### Work order
Your output should be exactly the lines from the one containing "Room 18 of 35" through the last line of the listing, and nothing else. Pictures stay out.

### Recorded data

------------------------

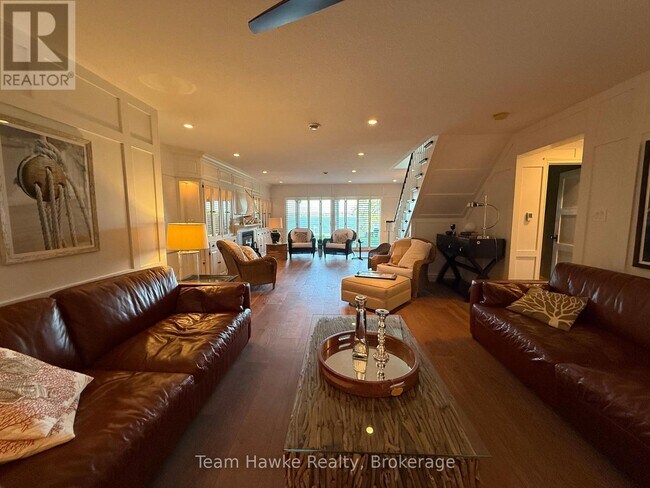 Photo du bâtiment - 192 Gilwood Park Dr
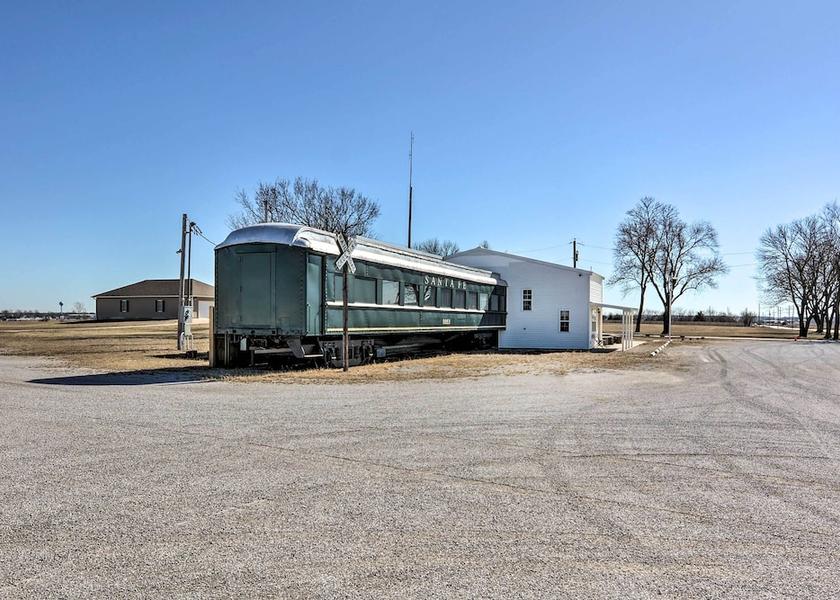Missouri Joplin Interior Entrance
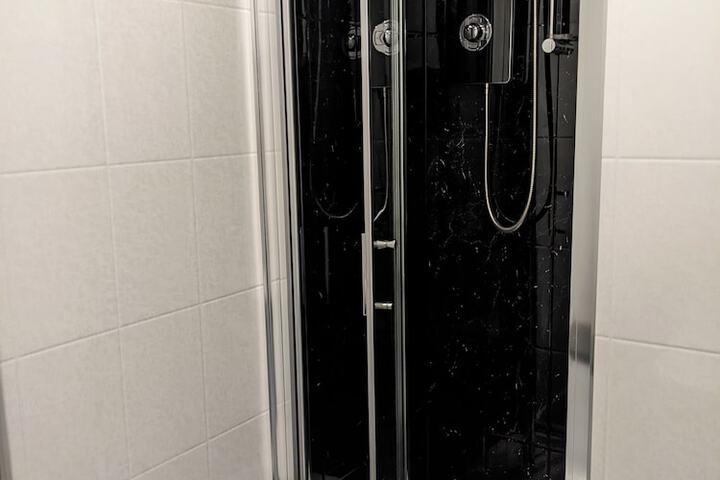 Room 18 of 35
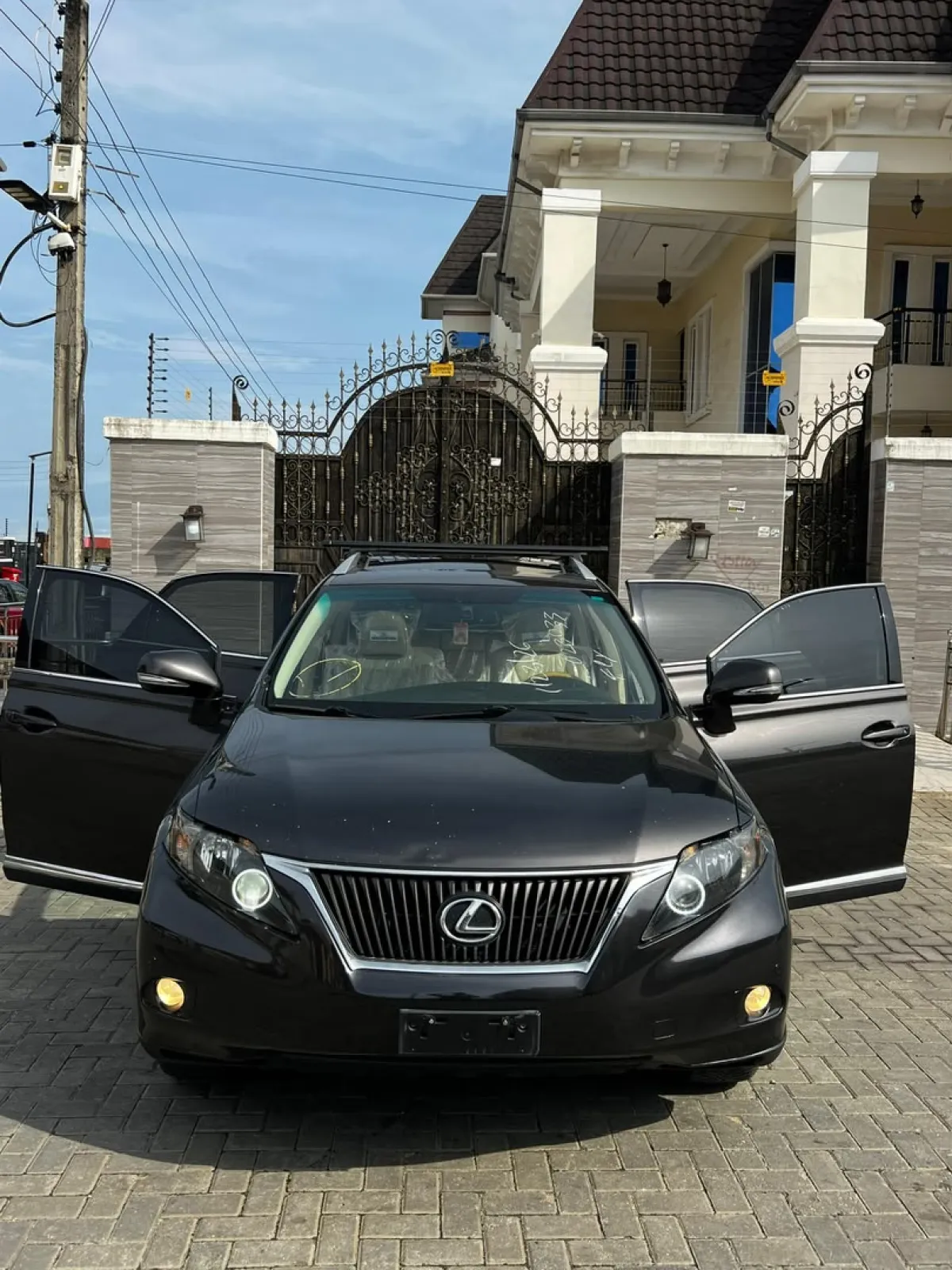 Foreign used Lexus RX350 2010 Full Option AWD - Image 3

------------------------

### Response box
 Room 18 of 35
 Foreign used Lexus RX350 2010 Full Option AWD - Image 3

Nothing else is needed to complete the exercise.